Mas foi realmente em 1954 que a coisa ficou feia, com a publicação do famigerado “A Sedução do Inocente”, do mesmo autor que publicara aqueles dois artigos anos antes. O que aconteceu é que Wertham, percebendo que seus piores pacientes eram leitores de quadrinhos, deduziu que eram estes que estavam levando os jovens à delinqüência (o que, para a época, seria mais ou menos o mesmo que hoje em dia um psiquiatra resolver dizer que os piores pacientes dele jogam vídeo-game e por isso os games são a causa do problema deles). Somando a isso, a criação de uma audiência do congresso americano sobre delinqüência juvenil, altamente divulgada na imprensa e que acabou colocando os quadrinhos em sua mira, fez com que a indústria estremecesse, prejudicando distribuidoras de quadrinhos e colocando editoras fora do negócio. Estava criado o Comics Code Authority, selo que serviria como ferramenta para regulamentar o que podia e o que não podia ser colocado em uma história em quadrinhos (assunto sobre o qual me estenderei em postagens futuras).

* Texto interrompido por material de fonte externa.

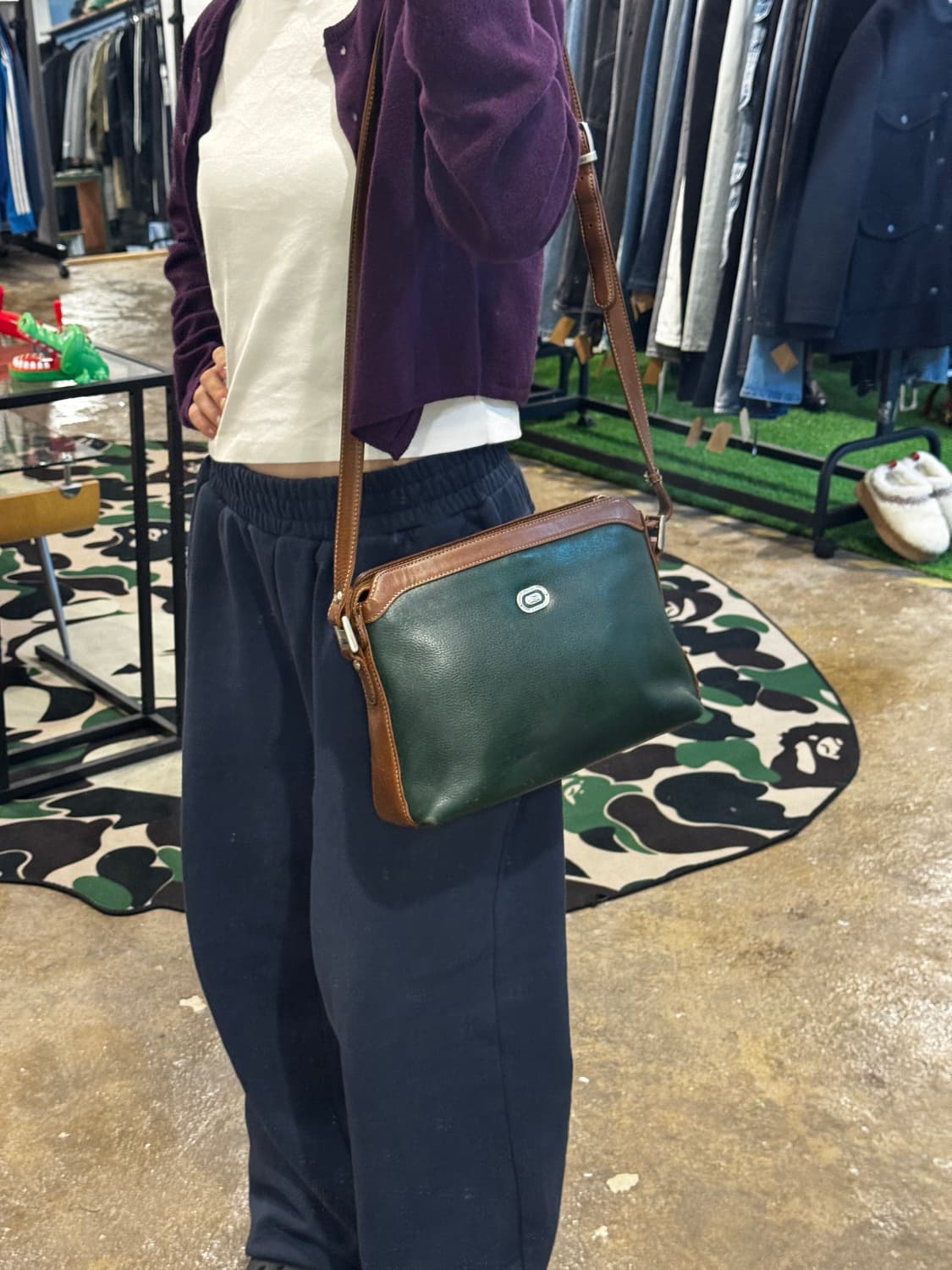 라코스테 클래식 가죽 크로스백 상품이미지8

Willian Gaines e a EC Comics foram provavelmente os maiores prejudicados, já que eventualmente o selo passou a ser o que os perseguidores dos quadrinhos queriam: uma arma para censurar tudo o que eles quisessem. E o “tudo o que eles quisessem” era bastante abrangente e incluía situações absurdas, como a proibição do uso das palavras “horror”, “terror” e “weird” (algo como “esquisito”, “estranho”, em tradução livre) nas capas de qualquer comic. Quando, por conta disso, distribuidores se recusaram a distribuir muitas das revistas da EC (algumas inclusive das mais famosas e vendáveis), Gaines encerrou a publicação de suas 3 revistas de terror e seus dois títulos “SuspenStory”. Tudo isso ainda em 1954.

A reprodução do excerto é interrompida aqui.